È invece l’unico che Milano offre ai padri poveri. «La stampa», precisa
con forza il frate francescano, «ha recentemente parlato della
destinazione esclusiva ai papà della casa di seconda accoglienza di via
Calvino gestita dalla Fondazione, 160 posti letto». Giochi da elezioni
in corso: accoglienza leghista per padri che sono italiani. «Quello non
è un posto adatto. Serve la privacy, non un collegio. I figli devono
avere la possibilità di essere accolti senza vergogna, in ambienti che
ricordino il più possibile una casa vera».
Qualcuno prova a creare alternative milanesi a misura di bambino:
l’associazione lombarda dei Padri separati, che ospita gli ex mariti in
due monolocali requisiti in città alla mafia; la Provincia con il
progetto Giopà (attivo ancora per poco perché non rifinanziato), che in
un appartamento colorato di via Procaccini dà ai bambini la possibilità
di trascorrere ore di gioco con i padri.
Niente altro. Soltanto il dormitorio. Ci vive Ivano, 51 anni, milanese.
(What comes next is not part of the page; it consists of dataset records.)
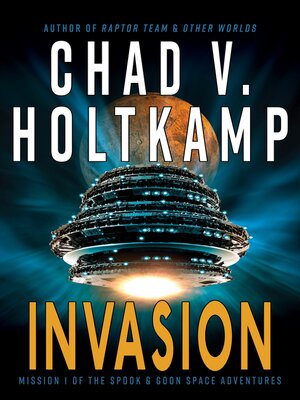 cover image of Invasion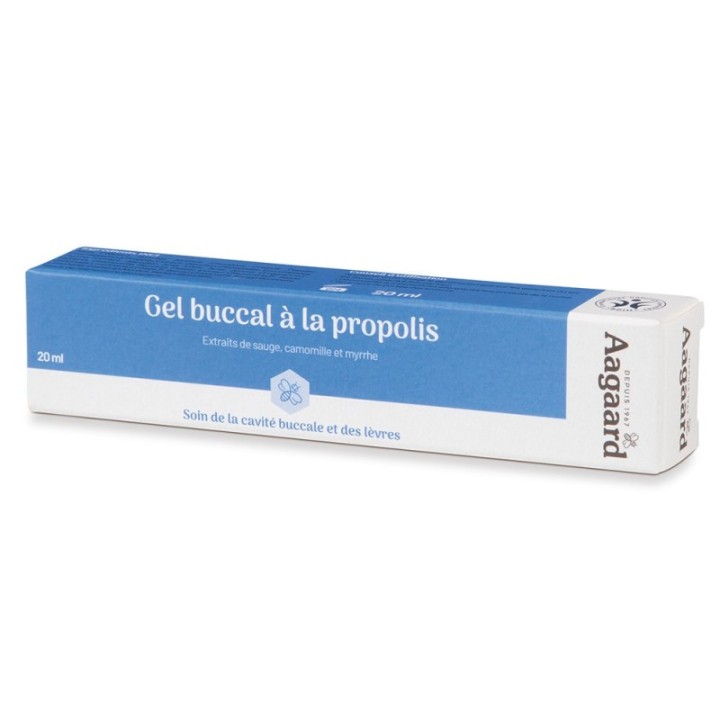 GEL BUCCAL 20 ml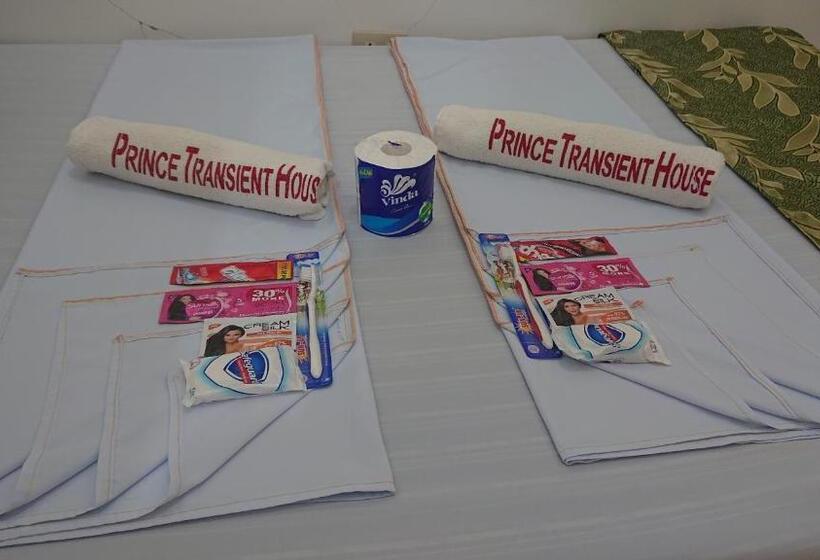 חדר אקונומי יחיד, Prince Transient House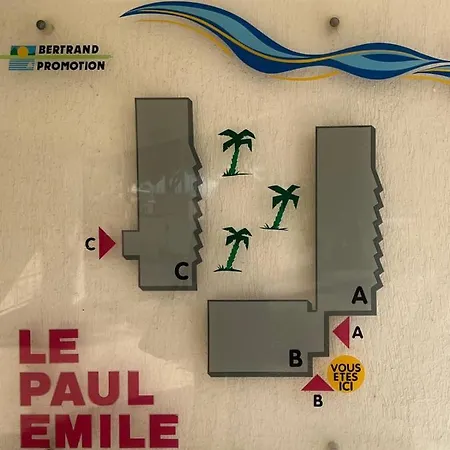 Le Paul Emile Le Grau-du-Roi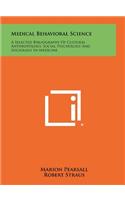 Medical Behavioral Science
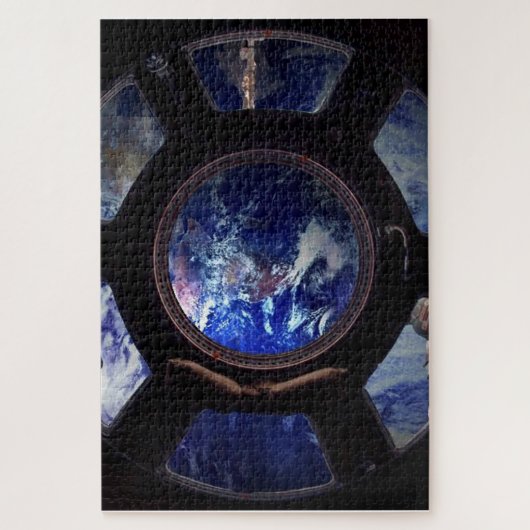 PUZZLE FAUX PROFOND (Vertical)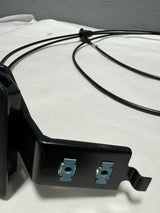 2006-2010 Solstice or Sky Hood Latch Release Cable With Handle OEM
Era autista, ha perso il lavoro: «La mia ex moglie sa dove abito e non
mi chiede continuamente soldi, io do qualcosa quando posso. Si è
risposata con un uomo che ho conosciuto anch’io, sono contento perché è
una brava persona e mio figlio con lui sta bene».
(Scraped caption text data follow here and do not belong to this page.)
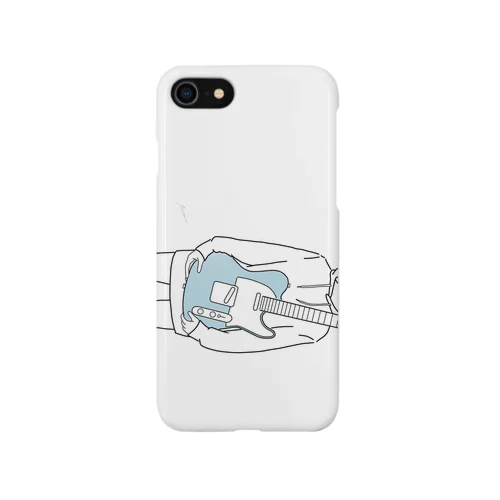 テレキャスGirl Smartphone Case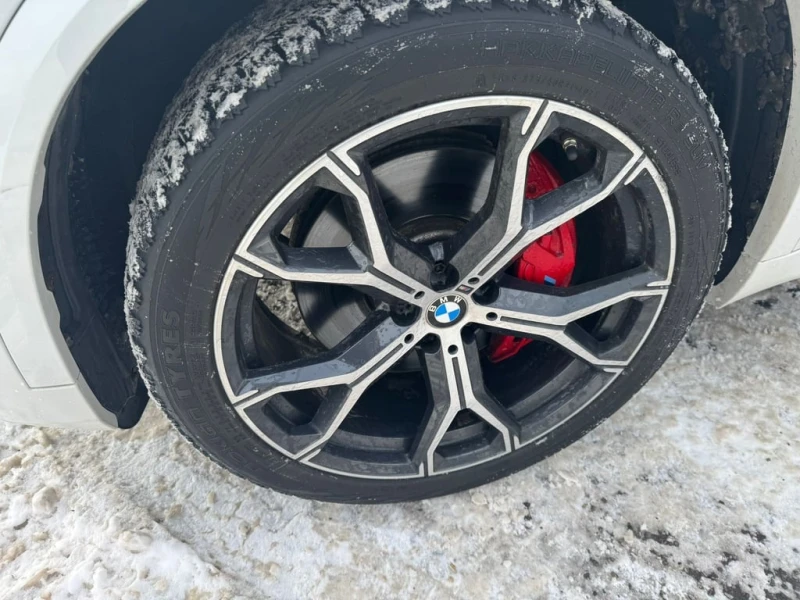 BMW X5 xDrive40i  CARFAX, снимка 7 - Автомобили и джипове - 53323754
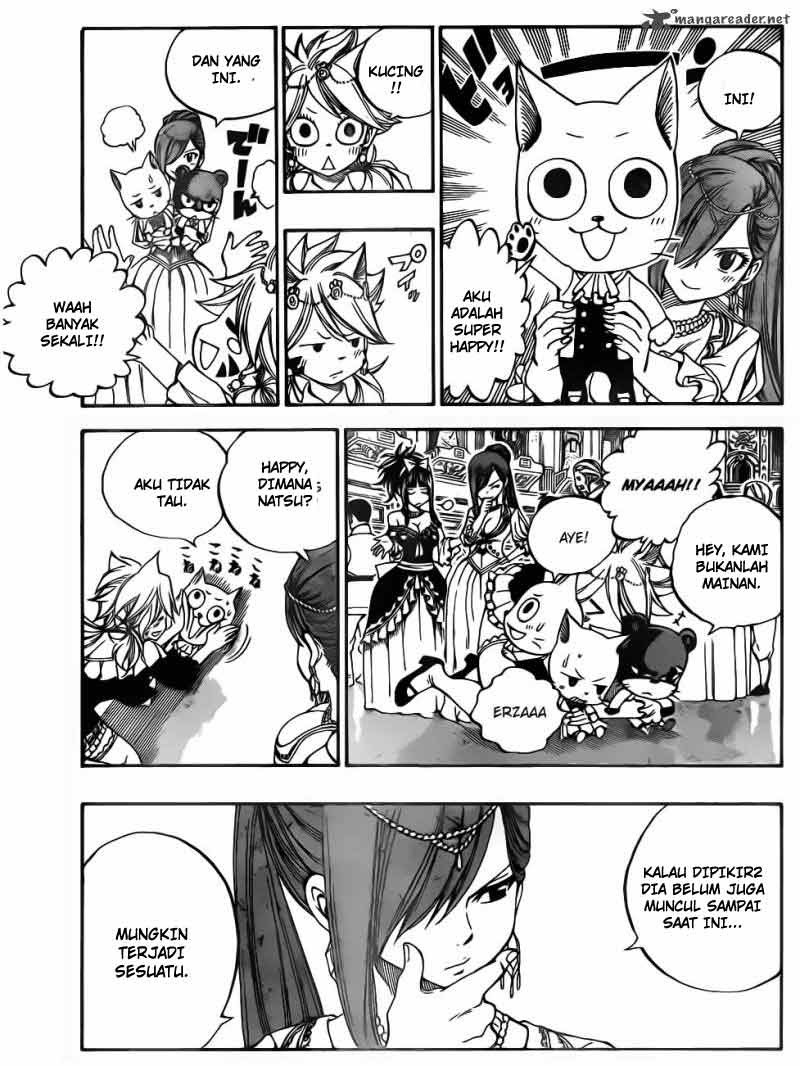 Fairy Tail — Chapter 338, halaman 11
Ognuno si tiene il suo dolore
Ci vive anche Marco, da qualche tempo. Ha 54 anni, parla con un
linguaggio forbito e la vergogna negli occhi. È nato a Catanzaro,
lavorava in una banca milanese. Ha perso lavoro, moglie siciliana e
figlia, riportata dalla madre a Trapani. La bambina aveva sette anni
quando l’ha vista per l’ultima volta, ora ne ha 17: «Ho dei problemi, lo
psichiatra è diventato mio amico. Mi hanno diagnosticato anche la
sclerosi multipla. Qui c’è chi ci aiuta a superare le difficoltà».
Mentre parliamo nel corridoio si sentono urla: «Si litiga, tante le
etnie. Io dormo in palestra», dice Marco, «ho legato con qualcuno. Ma
anche tra noi non parliamo mai dei nostri problemi, ognuno si tiene il
proprio dolore». La mattina esce alle sette: «Il momento più brutto? Le
domeniche, Natale, Pasqua. L’altro giorno mi sono tolto uno sfizio: ho
mangiato carne di maiale. A mensa non c’è quasi mai, tanti sono
musulmani. Così ho risentito il sapore della festa, del Sud. Un po’ del
sapore della mia casa».
Maria Gallelli
UNA CASA DOVE INCONTRARE I FIGLI
La povertà, complice anche la crisi, incombe anche sui padri che si sono
separati, e le istituzioni cominciano a muoversi. A Roma, ad esempio,
l’assessorato alle Politiche sociali del Comune capitolino ha di recente
fatto partire una "casa per papà separati" e in difficoltà economiche
per vivere e accogliere degnamente i figli nei tempi loro assegnati.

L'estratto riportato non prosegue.